Most of this first episode establishes Nishimura and Takada and shows the friendship that ultimately develops between the two of them by the end of it. Takada is a nice and earnest kid, but he can also be clueless at times, hence the title of the series. For example, when Nishimura walks by, her classmates will wave their hands and call out, “Barrier! Barrier!” Takada thinks that these kids are really casting barriers, and he’s frustrated because he doesn’t know how. Nishimura keeps trying to explain to him that it’s a game they play as part of making fun of her. When Nishimura comments that if he learns how to cast a barrier he’ll be able to talk to her, Takada says he wouldn’t want to cast a barrier against her because they’re friends. It’s a sweet sentiment, even if it did spring from him being clueless about something.

There’s a great scene early on, when Takada is about to walk home with Nishimura and they are stopped by three of their male classmates. The classmates want Takada to walk home with them, and at first, he misunderstands, thinking they boys are inviting both him and Nishimura. After the boys says they’re only inviting Takada, he brushes them off and asks why he’d walk home with them, since they’re only humans. One of the boys says that Nishimura is only human, too, and Takada points out that they keep referring to her as “The Grim Reaper,” which means she’s not just a human. The boys have no comeback to this, and they end up leaving. Again, while this may have arisen from a misunderstanding, he did correctly point out the boys’ hypocrisy.

There’s a group of three girls that gossip about Nishimura and instigate the bullying in the class. During this episode, the ringleader of this group appears to develop a crush on Takada. This isn’t explored much in this episode, but I have a feeling that it’s going to become an important plot point as the series progresses.

Right at the end of the episode, Takada receives his first instance of teasing for hanging out with Nishimura, but this sweet but clueless kid totally misunderstands the meaning behind what’s written on the chalkboard. While most of his cluelessness didn’t make me laugh in this episode, I admit that this final misunderstanding did elicit a laugh out of me.

Admittedly, the animation and character designs are a little on the simple side, but from looking at the cover for the first volume of the manga, this seems to match the art style of the original source material. Also, with the characters being in elementary school, this simplistic style makes sense. With how young they are and how simplistic their worldview is at that age, this visual style helps to emphasize the stage they’re at in their lives.

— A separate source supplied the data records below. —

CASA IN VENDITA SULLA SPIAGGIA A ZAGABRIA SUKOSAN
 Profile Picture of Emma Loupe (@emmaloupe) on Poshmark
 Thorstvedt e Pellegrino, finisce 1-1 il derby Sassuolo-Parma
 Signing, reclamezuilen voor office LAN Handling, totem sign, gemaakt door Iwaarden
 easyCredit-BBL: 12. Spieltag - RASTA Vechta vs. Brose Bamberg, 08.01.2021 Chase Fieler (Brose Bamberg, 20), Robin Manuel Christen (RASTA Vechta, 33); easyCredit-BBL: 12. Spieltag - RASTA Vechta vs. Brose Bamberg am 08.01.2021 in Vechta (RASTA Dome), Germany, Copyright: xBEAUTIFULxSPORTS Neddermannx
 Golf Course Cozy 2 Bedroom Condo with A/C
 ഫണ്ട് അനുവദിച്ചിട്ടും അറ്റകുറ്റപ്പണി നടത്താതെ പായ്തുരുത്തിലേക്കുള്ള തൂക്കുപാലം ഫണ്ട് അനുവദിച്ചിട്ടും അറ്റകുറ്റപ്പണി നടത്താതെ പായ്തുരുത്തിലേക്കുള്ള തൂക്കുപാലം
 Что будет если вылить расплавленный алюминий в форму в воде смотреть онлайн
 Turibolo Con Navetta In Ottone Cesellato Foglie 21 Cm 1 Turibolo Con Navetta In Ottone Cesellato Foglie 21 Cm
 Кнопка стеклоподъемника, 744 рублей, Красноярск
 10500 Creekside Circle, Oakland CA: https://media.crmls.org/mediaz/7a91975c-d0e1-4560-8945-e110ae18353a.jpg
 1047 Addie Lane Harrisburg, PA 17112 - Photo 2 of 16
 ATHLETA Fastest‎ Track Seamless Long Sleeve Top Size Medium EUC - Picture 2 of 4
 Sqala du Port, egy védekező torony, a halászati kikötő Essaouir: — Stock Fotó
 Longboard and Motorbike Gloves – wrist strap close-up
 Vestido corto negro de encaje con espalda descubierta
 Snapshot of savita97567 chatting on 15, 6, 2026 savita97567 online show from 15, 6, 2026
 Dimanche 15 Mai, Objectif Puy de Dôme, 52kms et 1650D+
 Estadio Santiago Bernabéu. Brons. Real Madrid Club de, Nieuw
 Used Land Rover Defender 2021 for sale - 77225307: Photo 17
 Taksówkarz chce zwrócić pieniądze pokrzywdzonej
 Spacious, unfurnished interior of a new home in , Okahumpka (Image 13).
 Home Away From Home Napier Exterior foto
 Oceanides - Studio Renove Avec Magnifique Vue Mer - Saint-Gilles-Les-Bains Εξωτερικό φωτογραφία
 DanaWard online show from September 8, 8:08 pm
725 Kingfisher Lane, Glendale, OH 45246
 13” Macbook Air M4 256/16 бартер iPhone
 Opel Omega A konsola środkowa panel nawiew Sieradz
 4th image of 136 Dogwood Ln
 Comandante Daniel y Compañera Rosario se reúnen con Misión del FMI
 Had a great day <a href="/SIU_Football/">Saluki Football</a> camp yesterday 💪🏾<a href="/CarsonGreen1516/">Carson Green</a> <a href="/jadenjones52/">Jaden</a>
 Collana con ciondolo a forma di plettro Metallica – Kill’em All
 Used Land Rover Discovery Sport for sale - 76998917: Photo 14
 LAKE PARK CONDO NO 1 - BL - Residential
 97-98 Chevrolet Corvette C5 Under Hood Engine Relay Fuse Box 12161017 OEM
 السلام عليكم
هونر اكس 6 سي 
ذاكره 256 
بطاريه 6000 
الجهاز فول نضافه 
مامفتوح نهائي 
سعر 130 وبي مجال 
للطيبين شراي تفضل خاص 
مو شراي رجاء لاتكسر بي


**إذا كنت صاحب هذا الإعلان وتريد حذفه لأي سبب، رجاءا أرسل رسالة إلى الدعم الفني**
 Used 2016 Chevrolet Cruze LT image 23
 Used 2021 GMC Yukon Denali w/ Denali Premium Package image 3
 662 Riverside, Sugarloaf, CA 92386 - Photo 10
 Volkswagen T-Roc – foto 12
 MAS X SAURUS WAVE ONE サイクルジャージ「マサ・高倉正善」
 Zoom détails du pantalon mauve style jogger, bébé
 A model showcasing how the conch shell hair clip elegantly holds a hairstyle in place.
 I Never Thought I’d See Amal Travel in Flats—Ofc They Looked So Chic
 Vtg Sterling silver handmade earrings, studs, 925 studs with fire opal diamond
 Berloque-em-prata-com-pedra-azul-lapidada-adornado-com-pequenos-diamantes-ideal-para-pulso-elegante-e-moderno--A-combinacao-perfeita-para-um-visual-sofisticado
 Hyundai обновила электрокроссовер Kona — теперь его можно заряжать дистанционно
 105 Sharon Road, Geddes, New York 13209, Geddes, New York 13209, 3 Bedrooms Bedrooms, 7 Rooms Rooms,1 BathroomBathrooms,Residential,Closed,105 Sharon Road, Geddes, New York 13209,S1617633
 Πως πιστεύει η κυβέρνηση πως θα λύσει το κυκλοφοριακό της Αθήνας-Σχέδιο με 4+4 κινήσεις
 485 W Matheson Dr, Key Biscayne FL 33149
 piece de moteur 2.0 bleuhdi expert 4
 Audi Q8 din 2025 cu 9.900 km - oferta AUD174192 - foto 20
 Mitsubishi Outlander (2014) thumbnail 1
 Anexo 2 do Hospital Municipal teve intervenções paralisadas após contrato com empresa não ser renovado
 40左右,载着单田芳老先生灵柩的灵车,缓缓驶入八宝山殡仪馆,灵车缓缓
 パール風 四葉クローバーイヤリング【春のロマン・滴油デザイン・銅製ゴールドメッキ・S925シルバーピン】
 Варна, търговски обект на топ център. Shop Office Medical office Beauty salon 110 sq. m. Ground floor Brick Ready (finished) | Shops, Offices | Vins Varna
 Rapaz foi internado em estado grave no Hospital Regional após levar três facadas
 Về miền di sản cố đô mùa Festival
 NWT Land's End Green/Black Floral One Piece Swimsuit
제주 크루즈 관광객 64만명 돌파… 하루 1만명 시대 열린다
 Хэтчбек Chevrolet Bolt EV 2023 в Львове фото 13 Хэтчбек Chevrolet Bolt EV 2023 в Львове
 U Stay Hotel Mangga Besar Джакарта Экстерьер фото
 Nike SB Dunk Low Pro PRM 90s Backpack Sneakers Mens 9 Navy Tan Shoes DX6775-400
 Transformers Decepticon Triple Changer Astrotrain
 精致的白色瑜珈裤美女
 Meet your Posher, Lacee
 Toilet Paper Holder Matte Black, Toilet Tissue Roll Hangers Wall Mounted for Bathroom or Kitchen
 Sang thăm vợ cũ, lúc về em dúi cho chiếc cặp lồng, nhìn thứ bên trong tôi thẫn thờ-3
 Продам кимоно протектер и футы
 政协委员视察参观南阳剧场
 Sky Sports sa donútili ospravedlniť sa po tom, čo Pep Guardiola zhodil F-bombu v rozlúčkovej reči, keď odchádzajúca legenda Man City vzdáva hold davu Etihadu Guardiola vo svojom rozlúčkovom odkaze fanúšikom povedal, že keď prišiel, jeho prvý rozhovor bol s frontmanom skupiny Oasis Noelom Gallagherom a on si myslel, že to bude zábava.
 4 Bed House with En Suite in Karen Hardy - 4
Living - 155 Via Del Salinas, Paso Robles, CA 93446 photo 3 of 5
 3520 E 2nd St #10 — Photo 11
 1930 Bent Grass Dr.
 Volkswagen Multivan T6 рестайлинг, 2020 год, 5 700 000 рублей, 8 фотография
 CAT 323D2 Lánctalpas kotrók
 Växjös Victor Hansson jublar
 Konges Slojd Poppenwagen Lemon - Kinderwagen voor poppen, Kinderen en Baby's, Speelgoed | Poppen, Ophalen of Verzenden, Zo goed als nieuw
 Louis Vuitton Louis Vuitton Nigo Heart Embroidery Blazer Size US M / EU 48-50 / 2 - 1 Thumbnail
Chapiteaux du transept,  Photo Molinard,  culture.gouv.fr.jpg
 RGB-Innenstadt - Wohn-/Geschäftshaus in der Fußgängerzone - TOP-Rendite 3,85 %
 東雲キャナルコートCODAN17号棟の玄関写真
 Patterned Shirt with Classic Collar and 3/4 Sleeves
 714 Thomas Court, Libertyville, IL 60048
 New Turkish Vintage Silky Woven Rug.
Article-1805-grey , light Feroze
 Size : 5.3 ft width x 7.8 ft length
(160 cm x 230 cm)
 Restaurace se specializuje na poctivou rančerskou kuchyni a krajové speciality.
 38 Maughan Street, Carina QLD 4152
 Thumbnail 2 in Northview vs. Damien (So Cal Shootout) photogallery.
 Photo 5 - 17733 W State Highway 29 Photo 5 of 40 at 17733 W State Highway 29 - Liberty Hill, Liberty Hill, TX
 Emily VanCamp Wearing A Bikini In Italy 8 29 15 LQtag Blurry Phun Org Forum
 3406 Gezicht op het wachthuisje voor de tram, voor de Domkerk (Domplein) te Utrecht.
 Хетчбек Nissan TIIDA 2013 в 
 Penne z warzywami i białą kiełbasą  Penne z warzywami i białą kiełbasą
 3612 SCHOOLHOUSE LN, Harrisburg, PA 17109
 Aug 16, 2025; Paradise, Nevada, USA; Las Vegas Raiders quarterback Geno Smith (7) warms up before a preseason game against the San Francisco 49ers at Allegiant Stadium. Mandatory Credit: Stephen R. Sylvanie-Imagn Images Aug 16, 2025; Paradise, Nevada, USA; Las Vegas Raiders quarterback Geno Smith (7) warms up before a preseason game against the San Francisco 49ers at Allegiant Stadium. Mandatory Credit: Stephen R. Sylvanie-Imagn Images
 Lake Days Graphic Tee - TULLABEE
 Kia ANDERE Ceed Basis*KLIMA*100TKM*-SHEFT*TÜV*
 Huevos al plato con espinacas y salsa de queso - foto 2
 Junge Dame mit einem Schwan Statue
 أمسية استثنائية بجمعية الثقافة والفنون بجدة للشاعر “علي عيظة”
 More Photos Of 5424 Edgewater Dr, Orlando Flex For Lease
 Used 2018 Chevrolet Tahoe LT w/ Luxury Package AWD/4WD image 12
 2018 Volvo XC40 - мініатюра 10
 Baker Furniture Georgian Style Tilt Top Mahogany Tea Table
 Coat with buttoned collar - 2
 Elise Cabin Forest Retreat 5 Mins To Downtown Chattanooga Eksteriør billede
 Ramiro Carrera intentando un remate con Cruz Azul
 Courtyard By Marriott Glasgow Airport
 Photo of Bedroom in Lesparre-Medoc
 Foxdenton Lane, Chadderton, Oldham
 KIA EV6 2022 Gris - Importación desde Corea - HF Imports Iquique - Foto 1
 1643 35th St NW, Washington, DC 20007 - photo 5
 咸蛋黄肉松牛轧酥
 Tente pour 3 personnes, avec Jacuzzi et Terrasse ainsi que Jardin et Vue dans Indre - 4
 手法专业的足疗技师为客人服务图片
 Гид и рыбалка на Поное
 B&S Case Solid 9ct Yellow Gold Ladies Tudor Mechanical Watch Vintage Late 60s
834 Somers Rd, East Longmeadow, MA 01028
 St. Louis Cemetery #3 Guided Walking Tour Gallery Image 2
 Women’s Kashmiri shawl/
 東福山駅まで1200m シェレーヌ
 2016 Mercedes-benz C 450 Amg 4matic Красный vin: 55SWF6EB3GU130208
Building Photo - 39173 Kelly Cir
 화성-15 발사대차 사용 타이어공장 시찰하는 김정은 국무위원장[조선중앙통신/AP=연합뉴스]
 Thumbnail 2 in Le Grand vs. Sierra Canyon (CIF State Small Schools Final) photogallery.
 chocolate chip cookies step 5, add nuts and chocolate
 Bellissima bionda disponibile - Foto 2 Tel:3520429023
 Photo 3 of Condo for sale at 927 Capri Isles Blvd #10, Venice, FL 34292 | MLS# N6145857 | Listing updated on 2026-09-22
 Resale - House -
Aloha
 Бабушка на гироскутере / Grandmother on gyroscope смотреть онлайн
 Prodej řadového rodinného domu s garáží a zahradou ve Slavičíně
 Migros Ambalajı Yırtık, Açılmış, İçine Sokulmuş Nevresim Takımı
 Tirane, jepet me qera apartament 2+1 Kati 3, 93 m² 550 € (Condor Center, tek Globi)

When it comes to the writing, the humor of the series is derived from Takada and his cluelessness. However, the show doesn’t appear to entirely be comedic, because in this first episode, there’s also serious moments mixed in as well. In this episode, we get the serious moments with Nishimura as she deals with the bullying she’s gone through up to this point and how Takada fits into her life. After watching this first episode, I thought this mixture of humor and seriousness showed that the writing has heart and has good intentions going into it.

After finishing this first episode, I see potential for My Clueless First Friend, and I hope that this potential continues to be realized as the series continues.